### Your objective
Produce exactly the lines from the one holding "Hotel Avion Bratislava: Photo" through the last line of the data below, with every picture left out.

*** Available data Section Begins ***

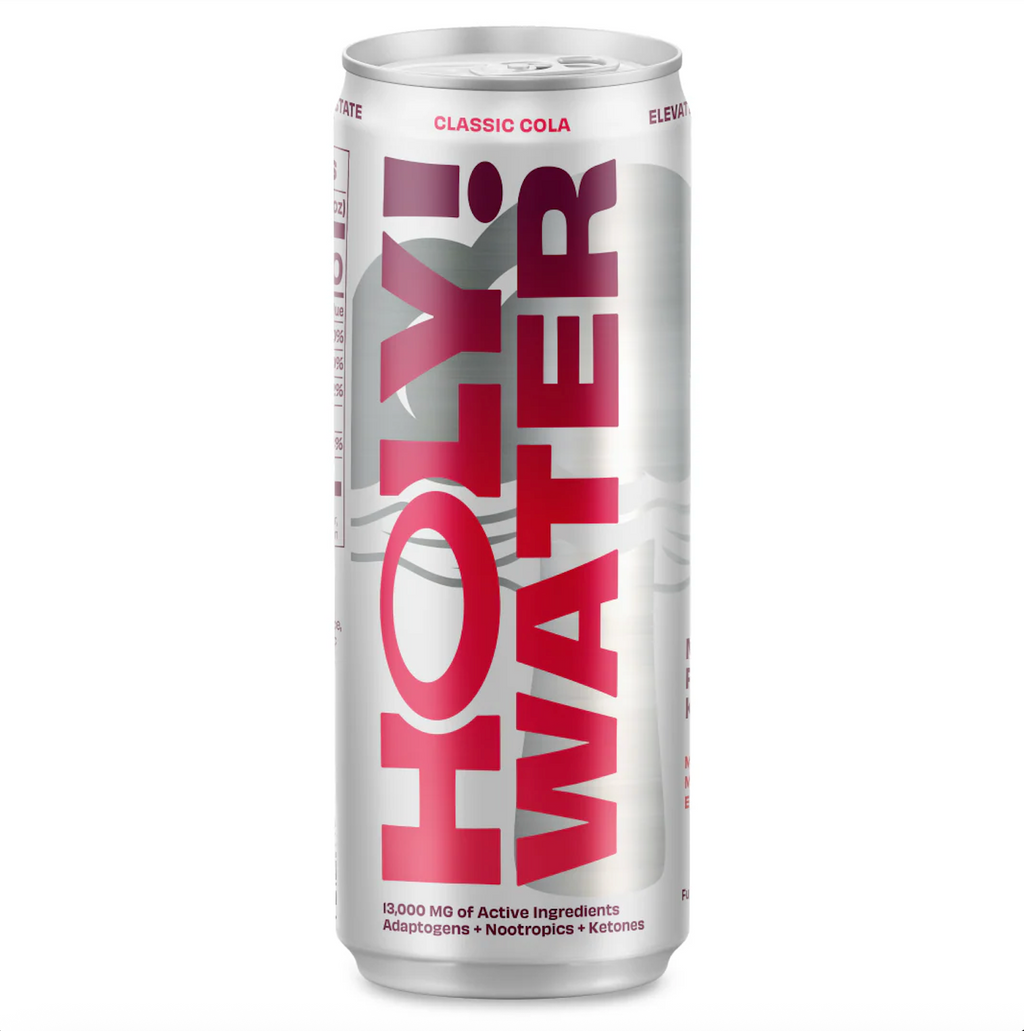 Holy! Water Health & Social Tonic Classic Cola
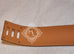 Hermes Red Matte Alligator Crocodile Kelly Dog CDC Bracelet S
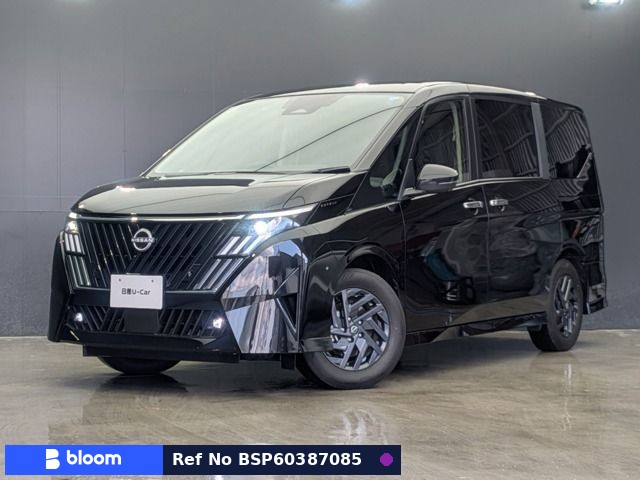 2026 Nissan Serena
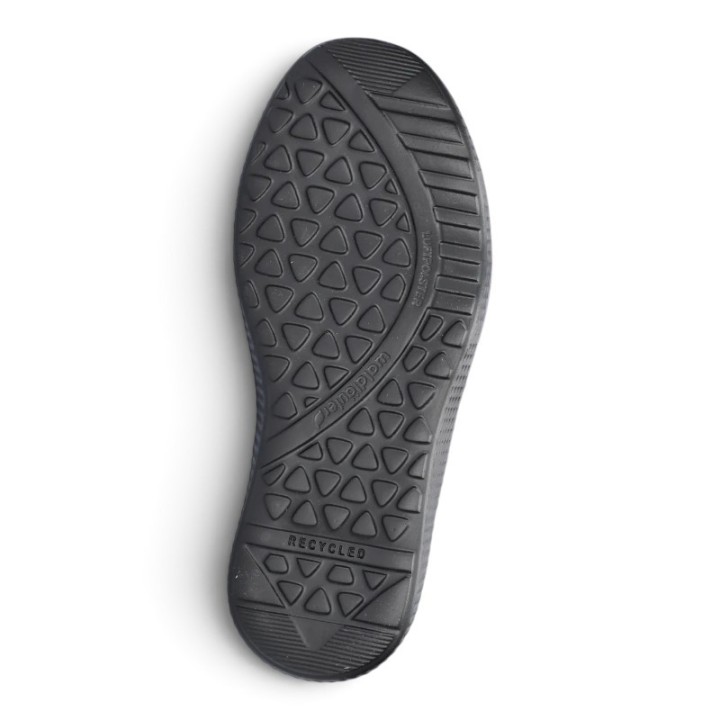 basket femme pieds larges et sensibles Waldlaufer 815M01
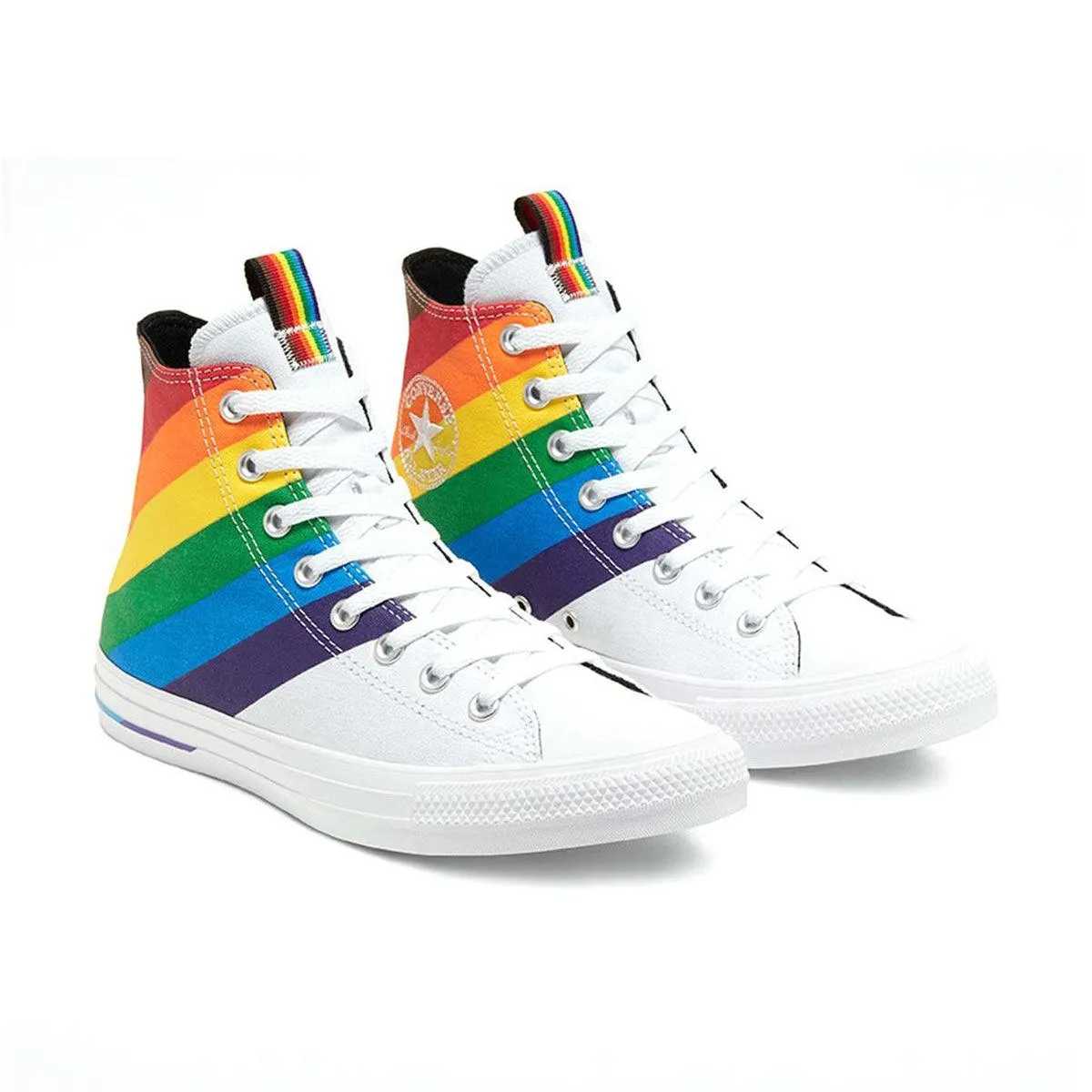 Chuck Taylor Hi 'Pride' Movement Comfort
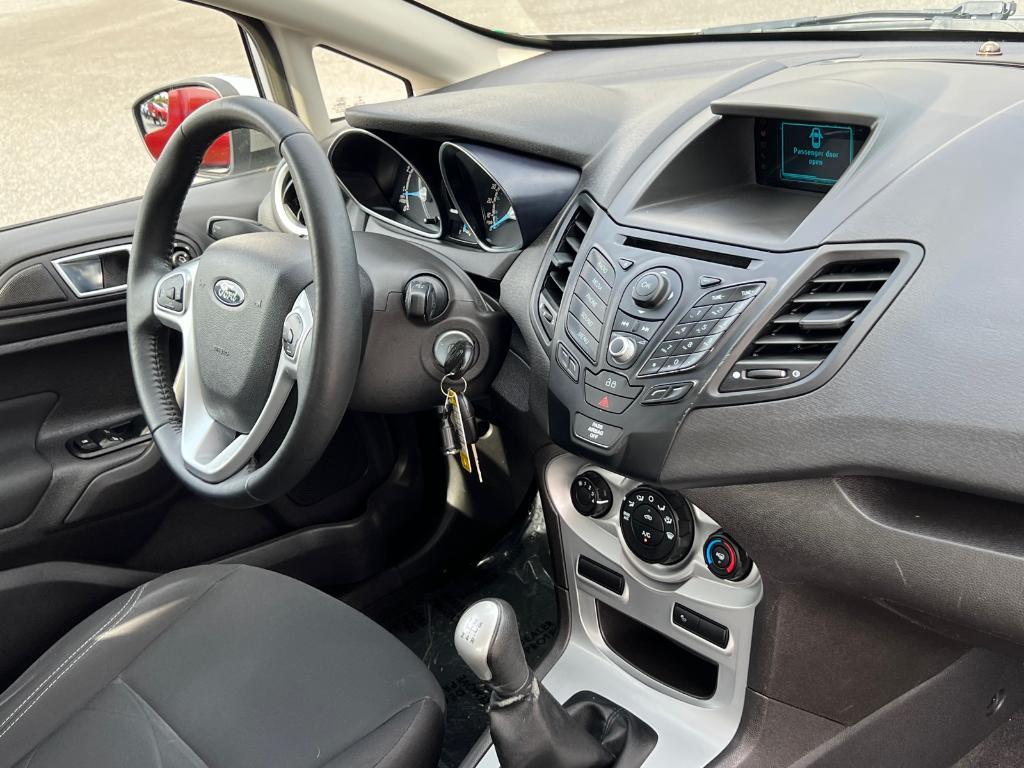 used 2014 Ford Fiesta car, priced at $5,879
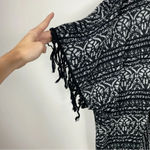 Free People Fringe Open Front Kimono / Cardigan Photo 2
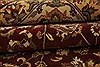 Kashan Red Hand Knotted 100 X 1310 Area Rug 250-21419 Thumb 12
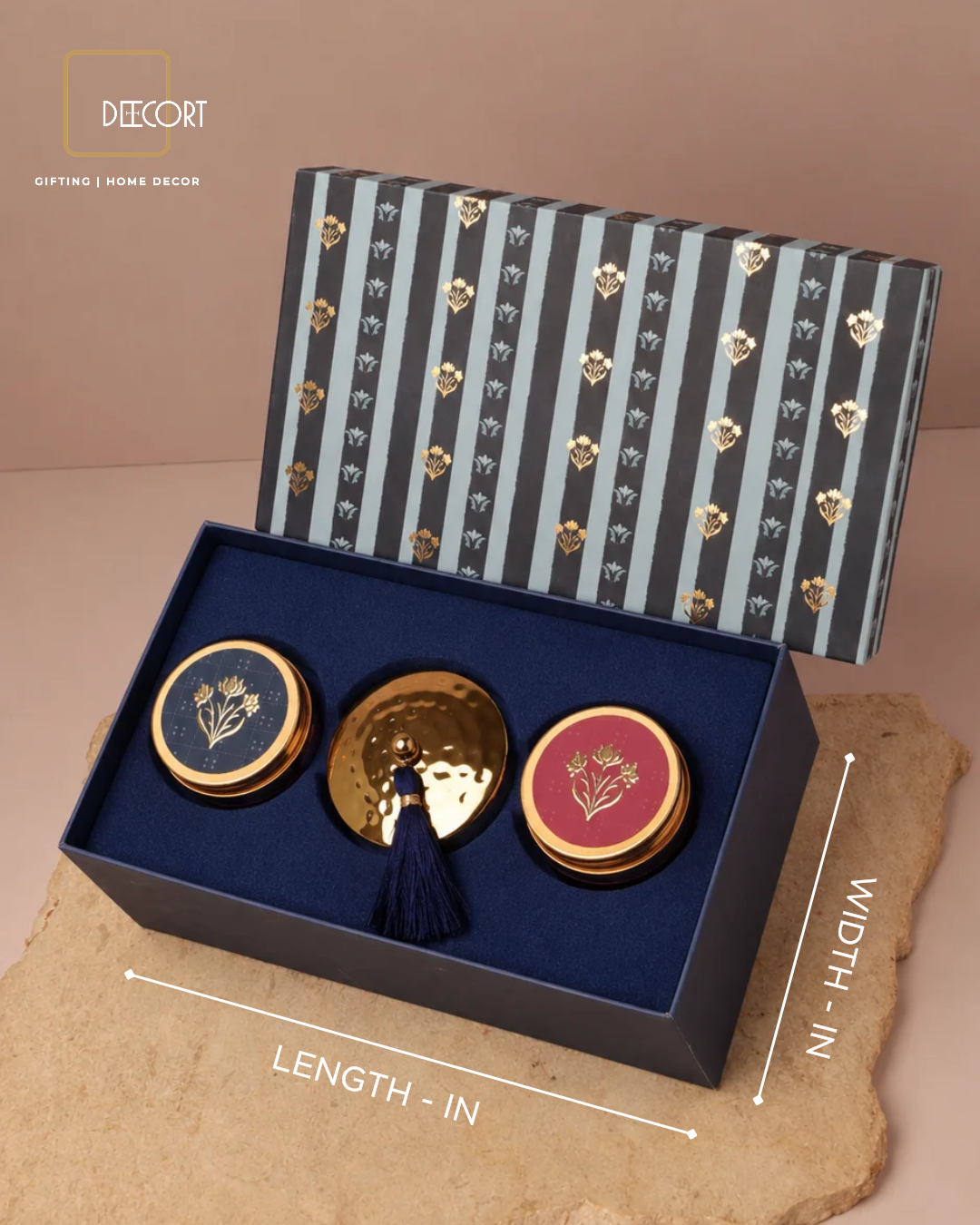 The Indigo Luxe Collection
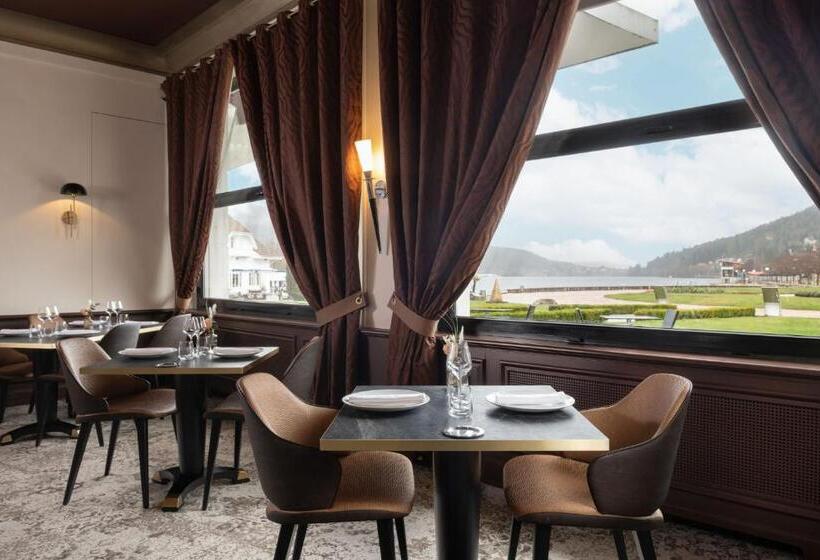 호텔 Hôtel Beau Rivage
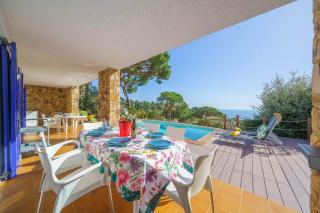 Sea Breeze Lux House - Private Pool & Aircon - Tossa de Mar - 5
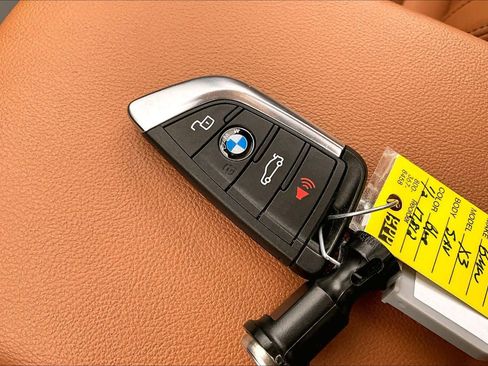 Certified 2024 BMW X3 xDrive30i w/ Premium Package w/ZPA image 14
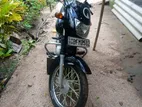 Bajaj CT100 2017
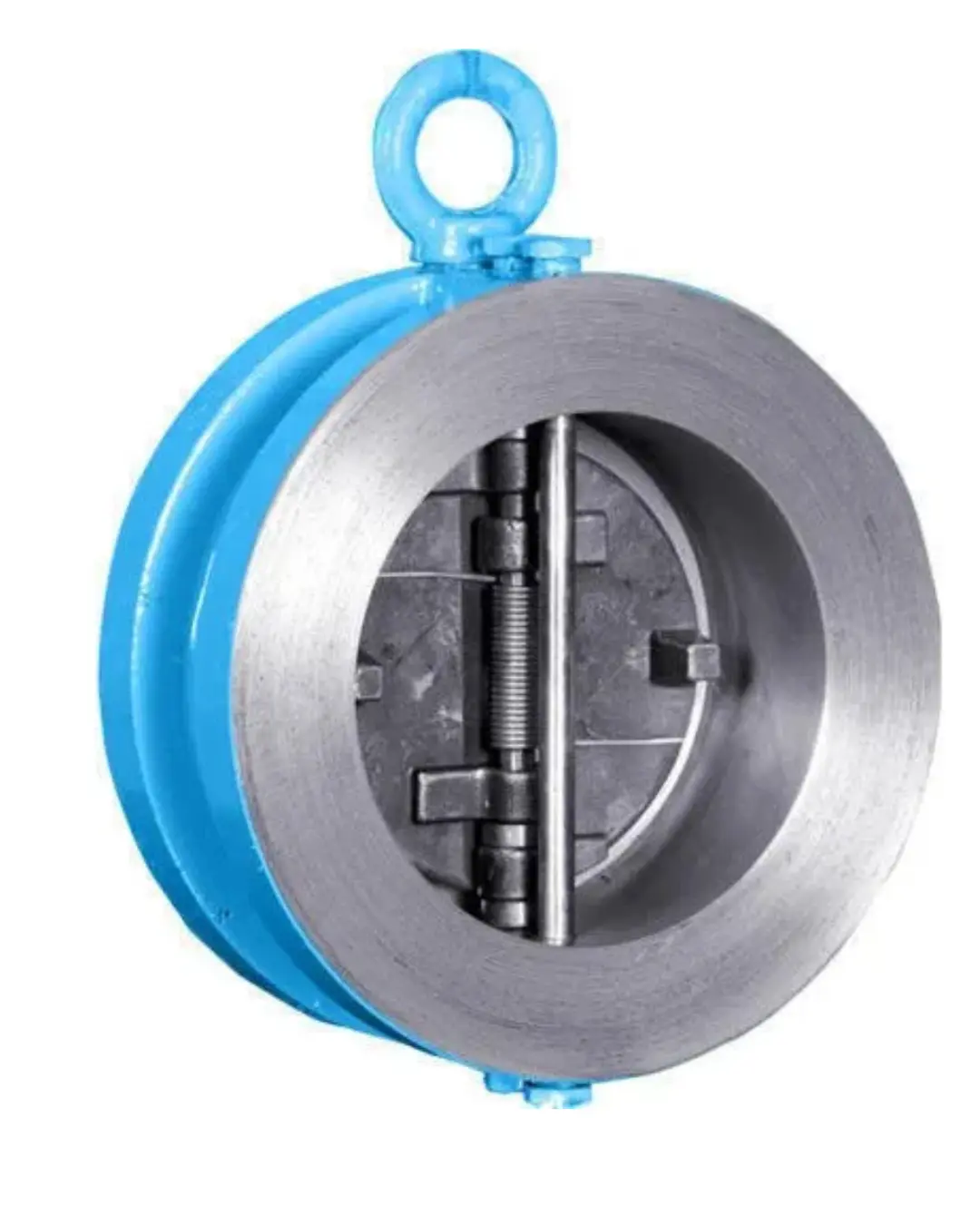 Metal Seated Dual Plate Check Valve | Flowbiz Exports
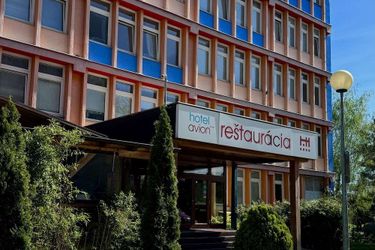 Hotel Avion Bratislava: Photo 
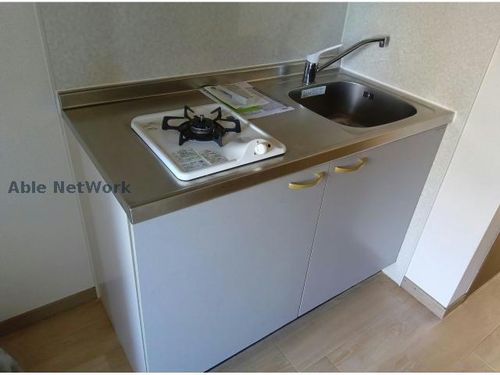 シャンテ ノールのキッチン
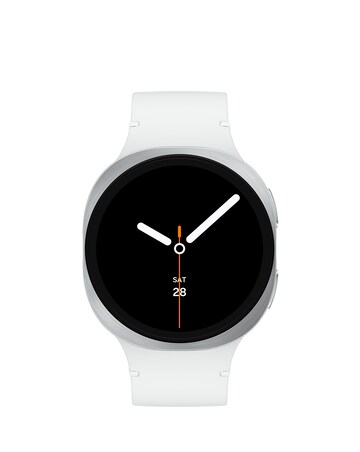 Samsung Galaxy Watch8 40mm BT - Silver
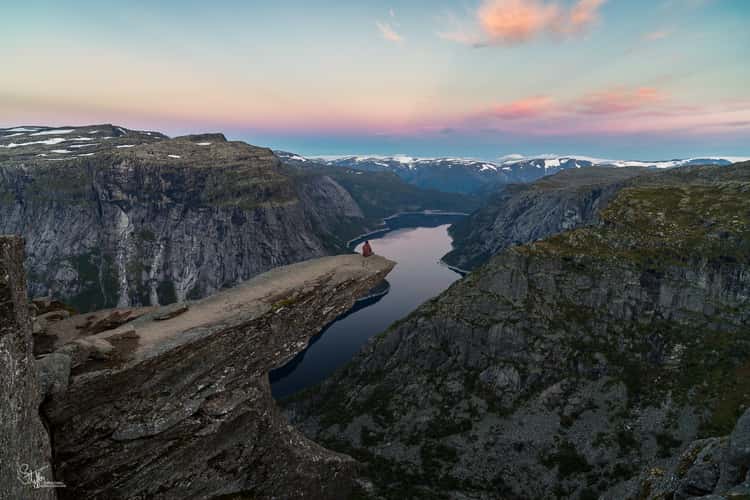 Trolltunga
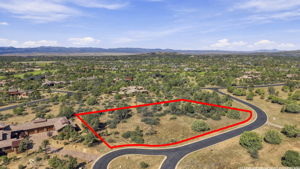 Aerial Lot Line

*** Available data Section Ends ***

### Solution for this problem
 Hotel Avion Bratislava: Photo 
 シャンテ ノールのキッチン
 Samsung Galaxy Watch8 40mm BT - Silver
 Trolltunga
 Aerial Lot Line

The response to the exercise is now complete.